TcpClient performance - sending 4 scalar values much slower than sending 1 byte array containing all values

Question

I'm writing an application where two applications (say server and client) are communicating via a TCP-based connection on localhost.

The code is fairly performance critical, so I'm trying to optimize as best as possible.

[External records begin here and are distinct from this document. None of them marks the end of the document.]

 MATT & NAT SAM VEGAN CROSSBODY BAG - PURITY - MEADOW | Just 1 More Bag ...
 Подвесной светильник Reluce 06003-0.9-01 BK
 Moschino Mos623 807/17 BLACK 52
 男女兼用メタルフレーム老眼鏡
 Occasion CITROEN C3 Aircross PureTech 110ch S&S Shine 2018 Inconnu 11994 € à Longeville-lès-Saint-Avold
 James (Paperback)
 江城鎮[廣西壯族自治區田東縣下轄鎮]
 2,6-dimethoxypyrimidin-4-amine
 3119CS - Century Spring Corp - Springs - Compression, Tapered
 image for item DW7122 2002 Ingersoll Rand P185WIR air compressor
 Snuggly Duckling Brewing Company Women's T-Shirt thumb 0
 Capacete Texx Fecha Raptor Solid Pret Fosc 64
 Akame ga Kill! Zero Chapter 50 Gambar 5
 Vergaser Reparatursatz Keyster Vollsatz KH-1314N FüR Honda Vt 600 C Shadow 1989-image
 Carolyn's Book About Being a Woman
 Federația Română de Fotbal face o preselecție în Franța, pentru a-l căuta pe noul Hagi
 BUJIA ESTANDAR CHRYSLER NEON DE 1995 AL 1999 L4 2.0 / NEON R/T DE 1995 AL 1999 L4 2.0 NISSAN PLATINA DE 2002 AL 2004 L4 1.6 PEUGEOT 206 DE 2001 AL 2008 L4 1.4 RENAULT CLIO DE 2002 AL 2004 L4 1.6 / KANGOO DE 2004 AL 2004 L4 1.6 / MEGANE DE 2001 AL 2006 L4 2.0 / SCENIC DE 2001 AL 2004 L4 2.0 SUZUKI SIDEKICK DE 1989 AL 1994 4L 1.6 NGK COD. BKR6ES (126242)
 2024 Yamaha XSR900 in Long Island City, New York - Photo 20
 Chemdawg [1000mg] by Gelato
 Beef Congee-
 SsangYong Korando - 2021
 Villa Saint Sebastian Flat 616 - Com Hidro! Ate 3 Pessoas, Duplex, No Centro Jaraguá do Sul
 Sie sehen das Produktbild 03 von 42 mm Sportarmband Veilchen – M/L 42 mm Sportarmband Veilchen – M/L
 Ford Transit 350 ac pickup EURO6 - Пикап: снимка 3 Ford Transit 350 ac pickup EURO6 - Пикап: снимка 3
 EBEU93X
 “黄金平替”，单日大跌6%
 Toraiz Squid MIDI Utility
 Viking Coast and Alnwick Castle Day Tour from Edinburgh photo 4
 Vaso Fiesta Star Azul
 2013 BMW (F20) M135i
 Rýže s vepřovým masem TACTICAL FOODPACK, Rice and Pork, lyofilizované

The code below is from the server application. To send messages, my naive approach was to create a BinaryWriter from the TcpClient's stream, and write each value of the message via the BinaryWriter. So let's say the message consists of 4 values; a long, followed by a bolean value, and then 2 more longs; the naive approach was:

TcpClient client = ...;
var writer = new BinaryWriter(client.GetStream());

// The following takes ca. 0.55ms:

writer.Write((long)123);
writer.Write(true);
writer.Write((long)456);
writer.Write((long)2);

With 0.55ms execution time, this strikes me as fairly slow. Then, I've tried the following instead:

TcpClient client = ...;

 // The following takes ca. 0.15ms:

var b1 = BitConverter.GetBytes((long)123);
var b2 = BitConverter.GetBytes(true);
var b3 = BitConverter.GetBytes((long)456);
var b4 = BitConverter.GetBytes((long)2);

var result = new byte[b1.Length + b2.Length + b3.Length + b4.Length];
Array.Copy(b1, 0, result, 0, b1.Length);
Array.Copy(b2, 0, result, b1.Length, b2.Length);
Array.Copy(b3, 0, result, b1.Length + b2.Length, b3.Length);
Array.Copy(b4, 0, result, b1.Length + b2.Length + b3.Length, b4.Length);

client.GetStream().Write(result, 0, result.Length);

The latter runs in ca 0.15ms, while the first approach took roughly 0.55ms, so 3-4 times slower.

I'm wondering ... why? And more importantly, what would be the best way to write messages as fast as possible (while maintaining at least a minimum of code readability)?

The only way I could think of right now is to create a custom class similar to BinaryWriter; but instead of writing each value directly to the stream, it would buffer a certain amount of data (say 10,000 bytes or such) and only send it to the stream when its internal buffer is full, or when some .Flush() method is explicitly called (e.g. when message is done being written).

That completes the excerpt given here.